INPUT RECORDS:
____

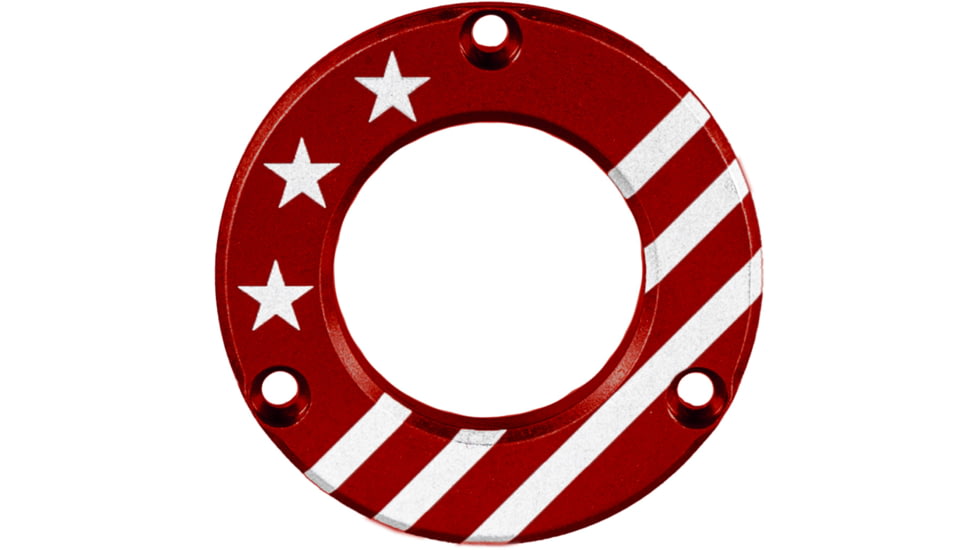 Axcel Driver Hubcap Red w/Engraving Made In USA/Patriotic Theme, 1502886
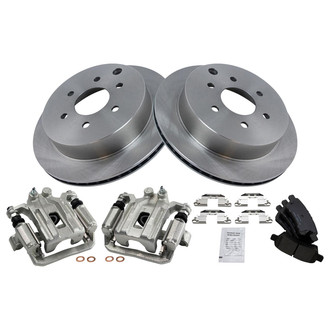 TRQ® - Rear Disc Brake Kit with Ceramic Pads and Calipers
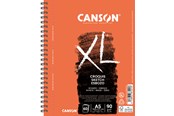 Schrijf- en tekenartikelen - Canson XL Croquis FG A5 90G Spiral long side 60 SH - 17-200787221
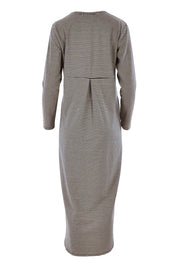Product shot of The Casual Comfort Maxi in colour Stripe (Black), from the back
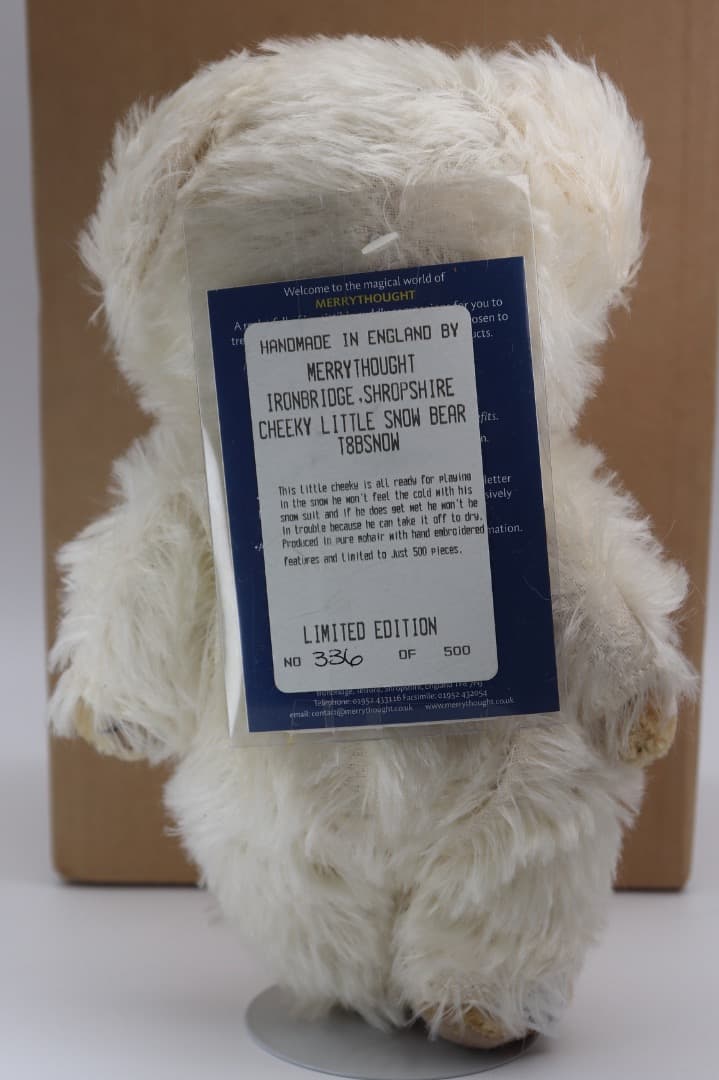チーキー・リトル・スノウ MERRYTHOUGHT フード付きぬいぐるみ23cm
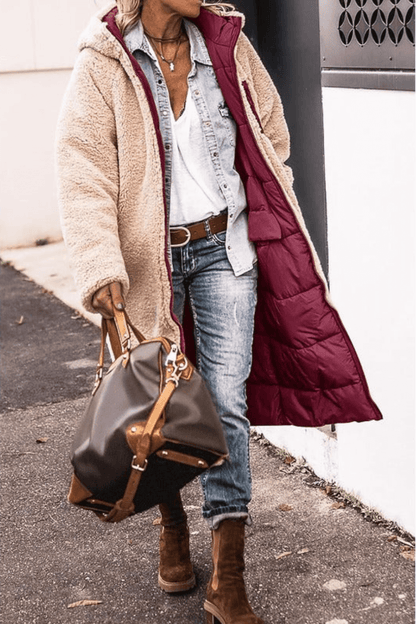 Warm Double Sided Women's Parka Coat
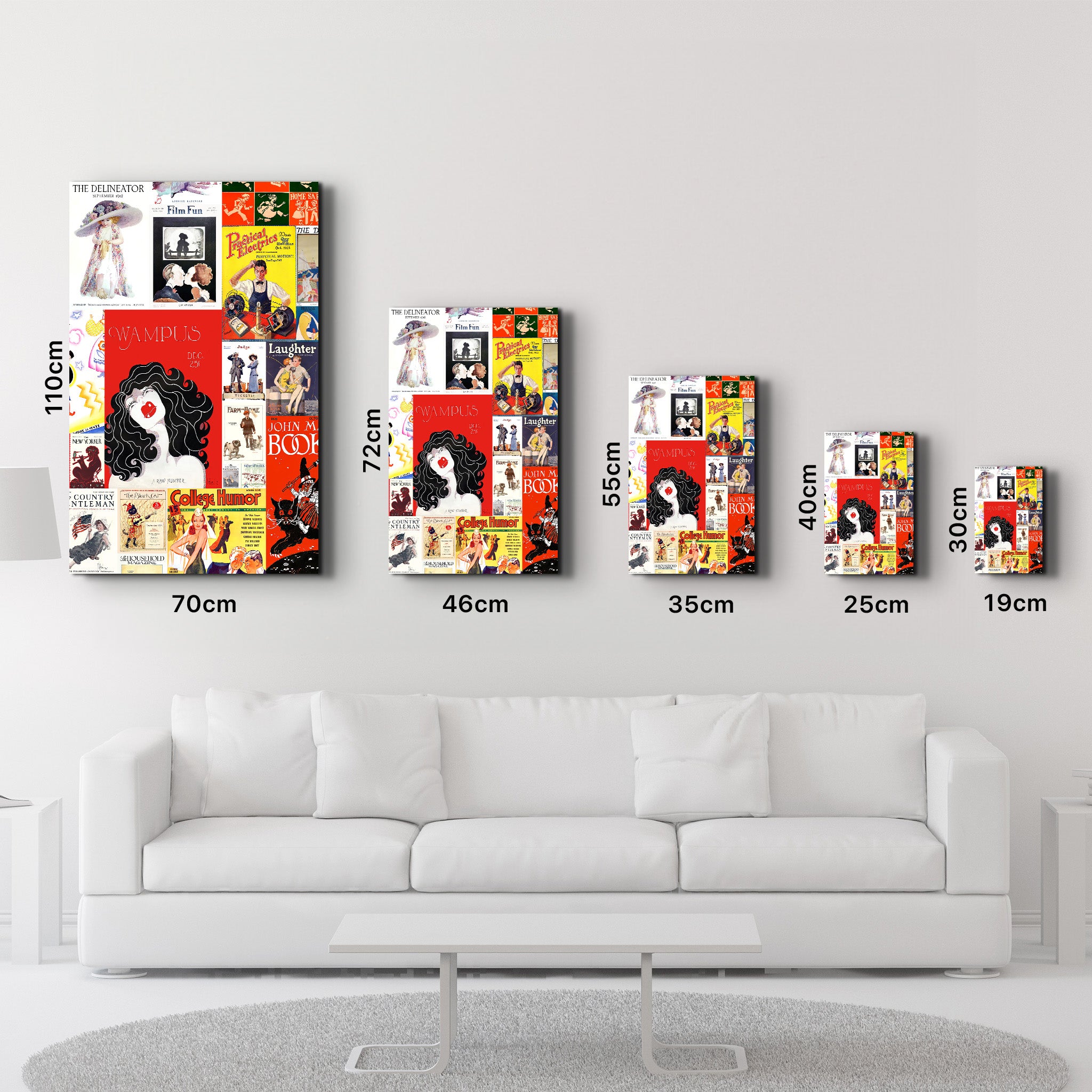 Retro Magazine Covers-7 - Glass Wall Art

____

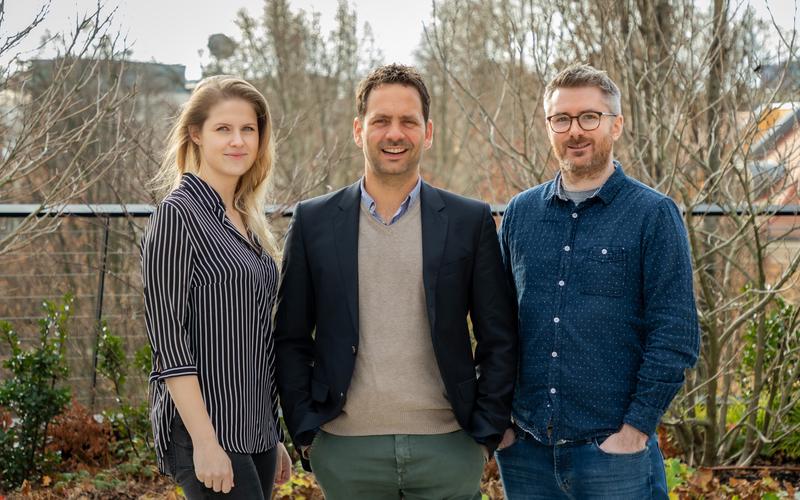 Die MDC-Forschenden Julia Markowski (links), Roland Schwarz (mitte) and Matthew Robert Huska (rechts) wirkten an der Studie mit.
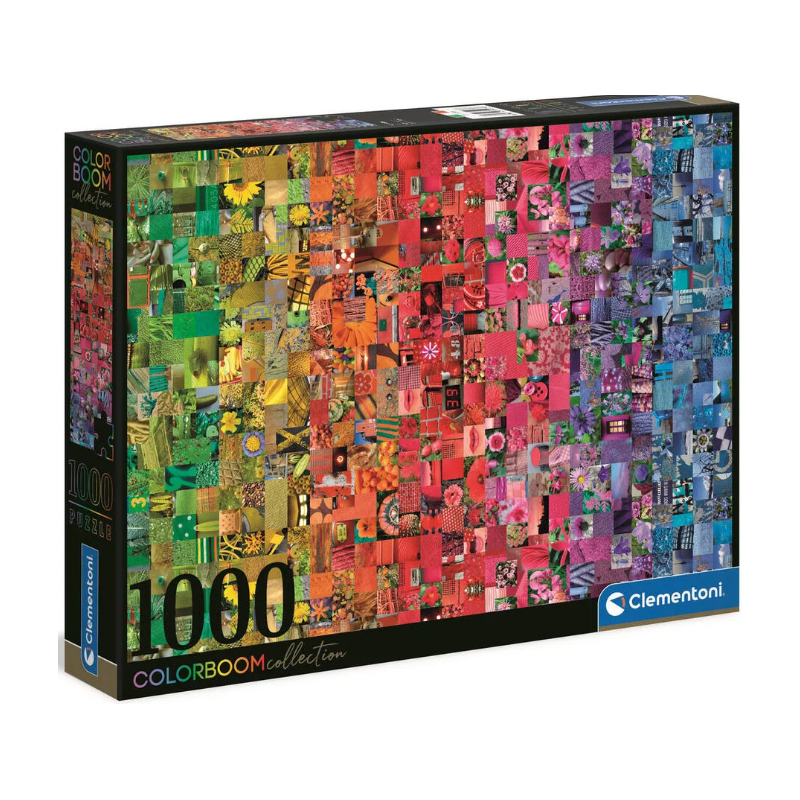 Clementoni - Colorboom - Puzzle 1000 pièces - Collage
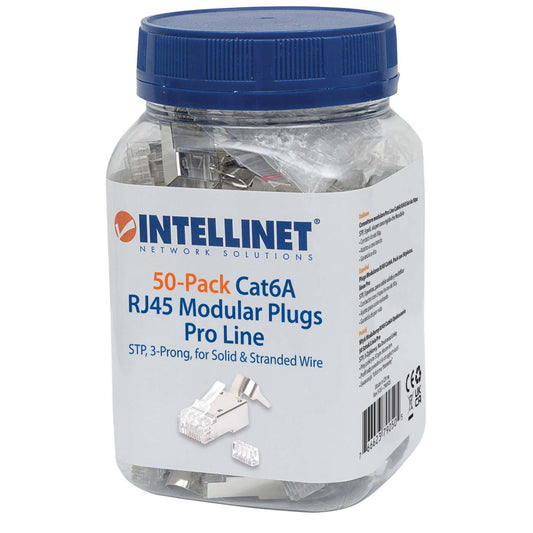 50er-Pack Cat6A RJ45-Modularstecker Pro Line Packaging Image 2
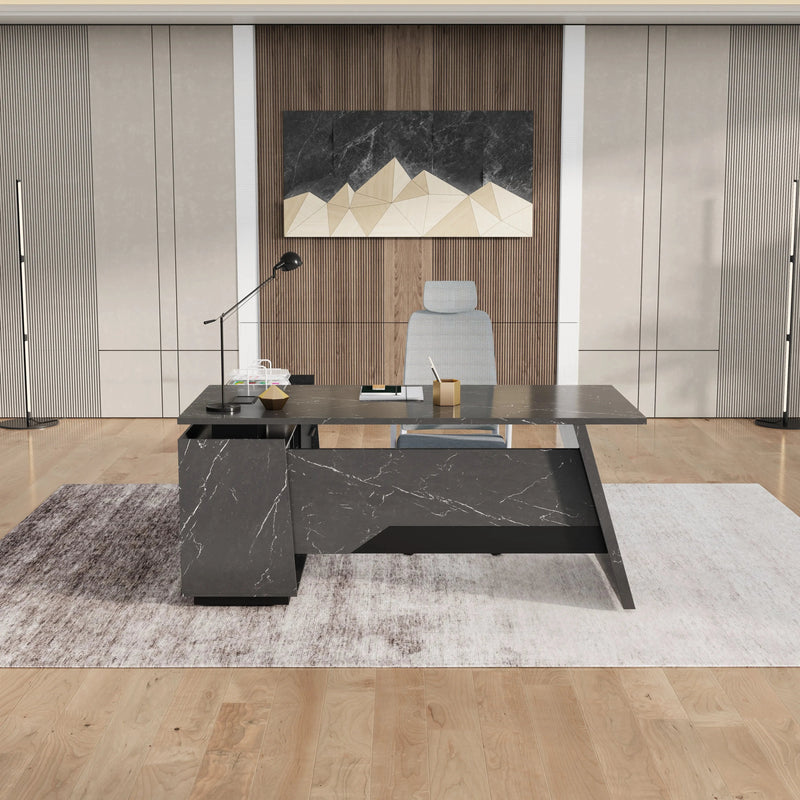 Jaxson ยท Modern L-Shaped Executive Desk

____

YOUR GOAL: Among the entries above, take the line with "Axcel Driver Hubcap", the line with "Retro Magazine Covers-7 - Glass Wall Art", and all the lines between them, and restate them word for word without pictures.

REPLY TO THE TASK:
 Axcel Driver Hubcap Red w/Engraving Made In USA/Patriotic Theme, 1502886
 TRQ® - Rear Disc Brake Kit with Ceramic Pads and Calipers
 Schrijf- en tekenartikelen - Canson XL Croquis FG A5 90G Spiral long side 60 SH - 17-200787221
Product shot of The Casual Comfort Maxi in colour Stripe (Black), from the back
チーキー・リトル・スノウ MERRYTHOUGHT フード付きぬいぐるみ23cm
 Warm Double Sided Women's Parka Coat
 Retro Magazine Covers-7 - Glass Wall Art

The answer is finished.